Notes on System Failures, System Hangs and Memory Dumps for MPE/iX
by Stan Sieler, Allegro Consultants, Inc.
Copyright (c) 1995 Allegro Consultants, Inc. (updated 2004)
0. Introduction
Sometimes the computer "dies". This paper discusses:
Sometimes the system is alive, so the free speedometer is discussed.
There are two basic kinds of system failure that an MPE/iX (or MPE XL) user will encounter: a "System Failure" and a "system hang". The former is easily identfied by the "System Failure" message that appears on the hardware Console (usually LDEV 20). The latter is typified by users complaining that the machine is "hung" (non-responsive). Each will be discussed below.
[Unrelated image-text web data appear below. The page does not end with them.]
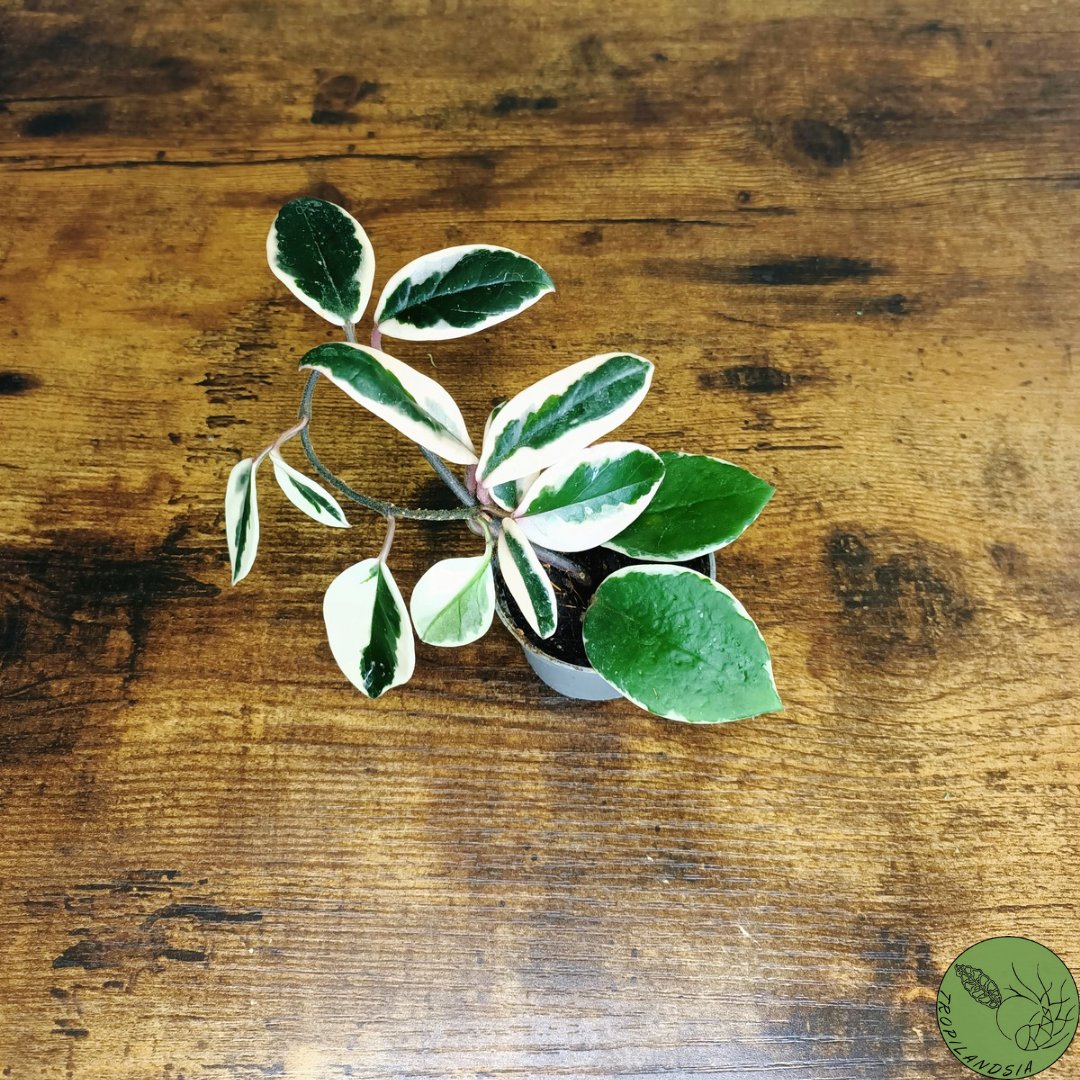 Baby Hoya Carnosa Tricolore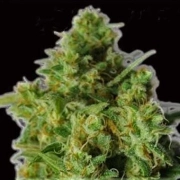 Bulk Smash Auto Autoflowering cannabis flower bud by Dr Krippling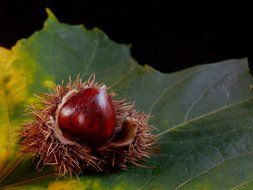 chestnut in a prickly shell on a large green leaf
A System Failure reports the following information on the hardware console:
SYSTEM ABORT 504 FROM SUBSYSTEM 143 SECONDARY STATUS: INFO = -34, SUBSYS = 107 SYSTEM HALT 7, $01F8
Additionally, the hex display (enabled on the console by typing control-B) displays something like:
B007 0101 02F8 DEAD
Note that the "504" and "$1F8" above are the same value, shown in decimal and in hex. Further, the hex display shows "0101" and "02F8". These two numbers are reporting the following:
0101 02F8
The bold underlined portions indicate packets 1 and 2 of the System Abort number (01F8) (i.e., the first two hex nibbles (01 and 02 above) of each 4-digit hex number are “packet numbers”).
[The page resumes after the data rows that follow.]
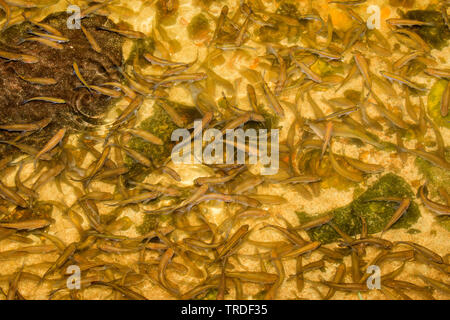 Ephoron virgo vierge (éphémères, Polymitarcis vierge), grand nombre de corégones manger des oeufs d'une rivière qui sont recouverts de jaune d'œufs, de l'Allemagne, la Bavière Banque D'Images
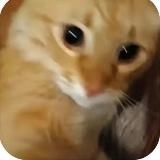 Сумакотик 😼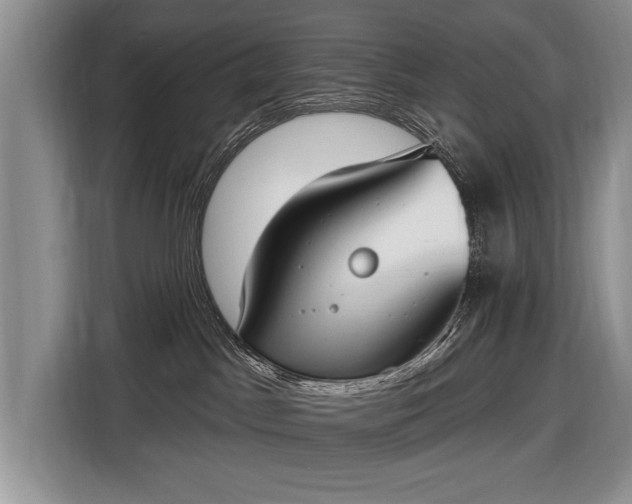 X0000116650045200912211456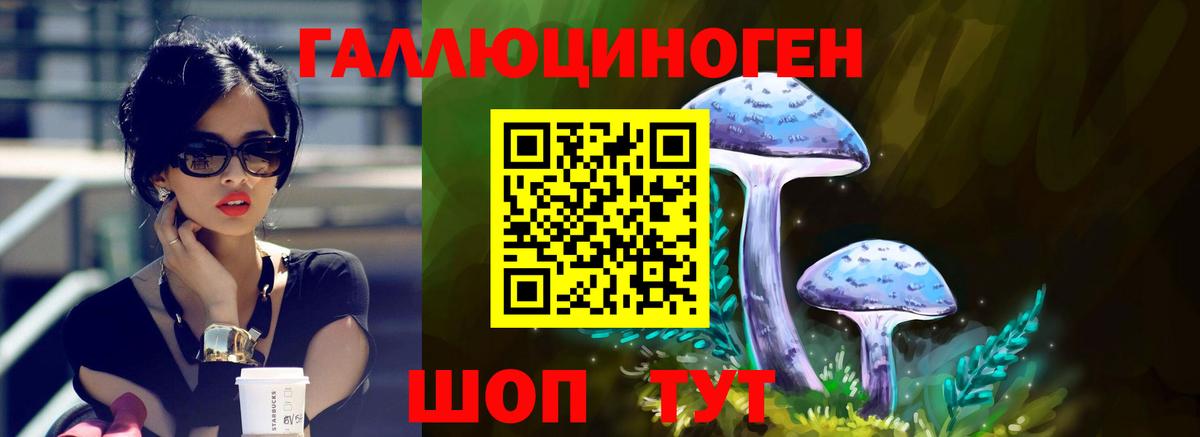 Псилоцибиновые грибы MAGIC MUSHROOMS Новошахтинск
Note: if the System Abort number is in the range 0 to $FF (decimal 255), only one "packet" will be needed to represent it, and no 2nd packet will be shown.
1.1 Interpreting the System Failure Number
The System Failure number (504 in our example) can be converted to English by doing the following on a live MPE/iX machine while logged in as any user with PM capability:
:hello manager.sys :debug = errmsg (#504, #98) 'Prefetch of needed data for a READ/WRITE request could not be made.' c :
The above "= errmsg" command looks up the System Failure number (message #504) in the system error catalog (set #98…a magic number). This catalog is not complete, and some System Failure numbers are not in the catalog.
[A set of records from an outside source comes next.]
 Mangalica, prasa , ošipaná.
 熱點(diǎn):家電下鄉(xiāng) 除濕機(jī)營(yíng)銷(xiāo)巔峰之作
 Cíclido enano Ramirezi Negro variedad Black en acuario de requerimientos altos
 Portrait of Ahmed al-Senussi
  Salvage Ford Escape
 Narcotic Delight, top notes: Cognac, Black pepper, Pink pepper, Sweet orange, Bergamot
1.2 Interpreting the Subsystem Number
If the System Failure reported a subsystem (143 in the our example), the following might convert it to a subsystem name:
:debug = errmsg (#32765, #143) c
Note: In all these errmsg examples the "#"signs are required, and the 32765 is a "magic" number.
Here are two examples, one which succeeds, and one which fails:
:debug = errmsg (#32765, #143) 'File System' = errmsg (#32765, #129) 'External error - subsys: #129 info: #32765'
If the above doesn’t produce a useful string, you can try two other approaches, both of which use the appropriate SYMOS file after loading the DAT macros.
The first uses a macro called “subsysstr”, which knows about 30 hand-coded subsystem numbers, and also knows how to use the “errmsg” function as shown above:
:debug use datinit.dat.telesup macstart , '1' = subsysstr (#129) '7978 Tape Device Mgr'
If that doesn’t work then you probably are looking at a relatively unusual subsystem number. The slowest, but most reliable, method of translating a subsystem number into something is to search the SYMOS for a constant of the form SUBSYS_xxxxx. Here’s an example, using subsystem number #129.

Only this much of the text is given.